Desde que osé hacer público lo de “La taaaaapa, la taaaaapa”, mi vida se ha convertido en un infierno. Mi santo, cual cobrador del frac, me persigue por toda la casa al bramido de “Las luuuuces, las luuuuces”. Es un hombre poco derrochón, qué le vamos a hacer. Exactamente igual que yo, a excepción del asunto lumínico, en que me gusta que mi hogar parezca una feria.
Esta querencia me viene de antiguo, pues recuerdo cómo de pequeña mi padre, al llegar de trabajar, y ante el asombroso espectáculo de no ver ni una sola bombilla apagada, nos inquiría: “¿¡Es que somos accionistas de La Sevillana!?”. Y justo después: “¿Qué os creéis, que nos regalan el dinero en el Banco’spaña?“. “Pues más vale, porque con lo que vais a tener que pagar de luz…”.
Así que aquí me tenéis, unos cuantos años más tarde, ahíta, agotada, fatigada porque mi maridito le ha declarado la guerra a los vatios. Al menos, aparentemente. Porque me barrunto que tal vez sea una venganza sin piedad por revelar tan íntimo secreto de nuestra vida escatológica.
Él, que es el hombre tranquilo, el hermano mayor del santo Job, se ha dejado llevar por la revancha más roñosa. Y en el momento más inoportuno. Sí, porque no entiende que volver a la miopía a los 42 años es una desgracia como otra cualquiera. Porque yo era, amigos, una operada feliz, muy feliz, hasta que las traicioneras dioptrías han vuelto a mi vida, así que me paso el día diciendo “¡que no veeeeo!, ¡que no veeeeo”. Lo que me obliga a volver a los anteojos, a las lentes, a las gafitas de marras que taaaanto me gustan. “Claro, es la edad”, me dice todo el mundo, como si me hubiera convertido ya en una abuela con presbicia. Pues no, que lo mío es miopía adolescente.
Porque no veo un pimiento, y porque tengo otras cosas en qué pensar que en accionar interruptores cada vez que cambio mi ubicación en casa tan solo unos centímetros, nuestro hogar resplandece cual imperio en tiempos de Felipe II.
Pero la obsesión de mi santo es tan alta que no baja la guardia ni fuera de nuestro hogar. “Piiip, piiip”, sonaba mi whatsapp hace unos días: “Las luuuuces, las luuuuces”, leía estupefacta mientras él me reconvenía desde el coche. Ay, qué cruz. ¿Cómo le hago entender que un halógeno encendido no hace daño a nadie, mientras que una tapa levantada es un delito contra la higiene y contra mi precario equilibrio mental? Me siento más perseguida que Iker Casillas, que ya es decir.

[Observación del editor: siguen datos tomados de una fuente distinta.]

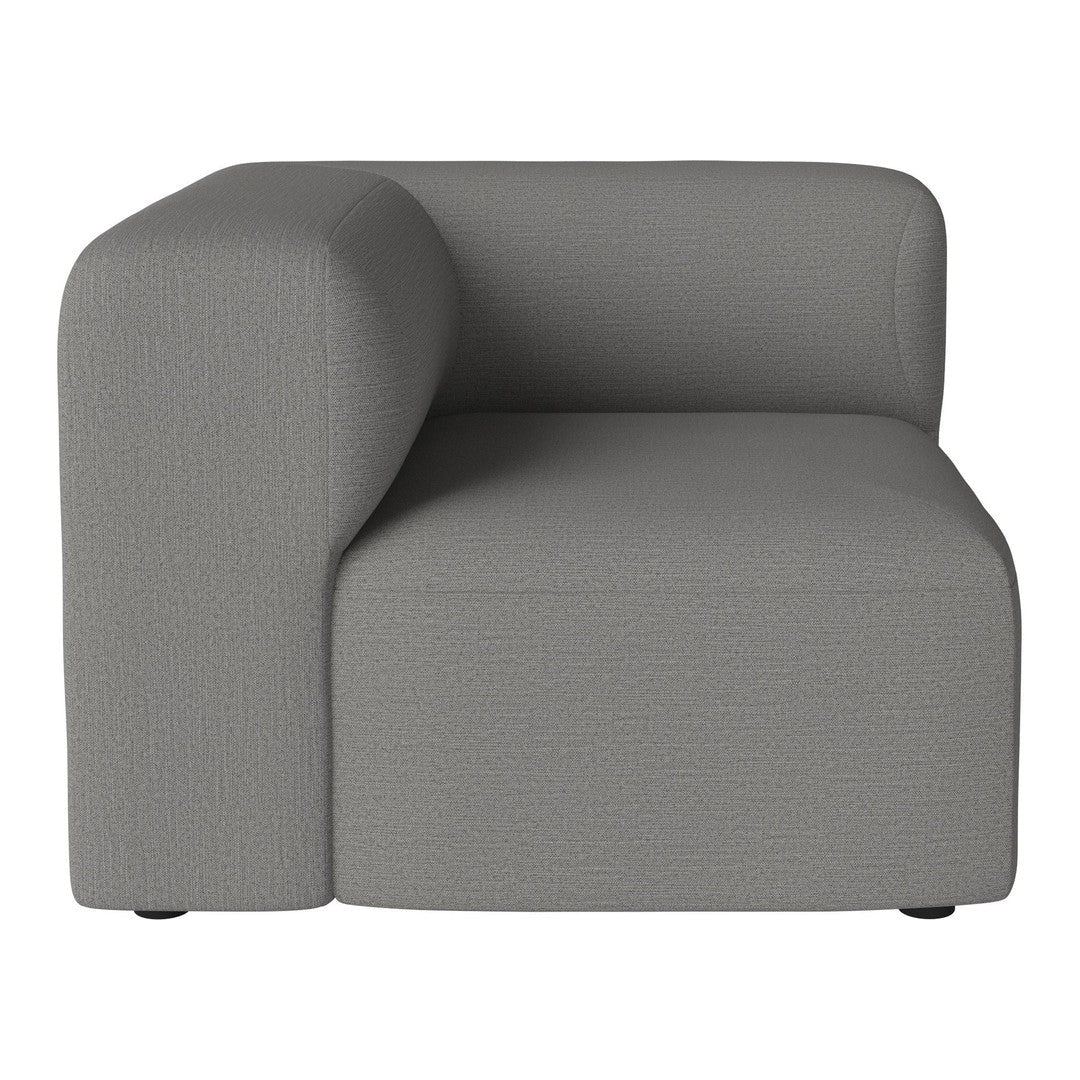 Gray textured couch corner piece with a modern, minimalist design and smooth finish. Perfect for contemporary decor.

Aunque ¿sabéis qué os digo? Que yo sigo a lo mío. Abajo la penumbra, arriba los corazones. Olvidemos el crepúsculo doméstico, la sombra, la oscuridad. Que echen humo los contadores de la luz para que haya quien se forre de una vez con todo el derecho. Y a mí costa. Que estoy rumbosa.
Luz y taquígrafos, amigos. Luz y taquígrafos.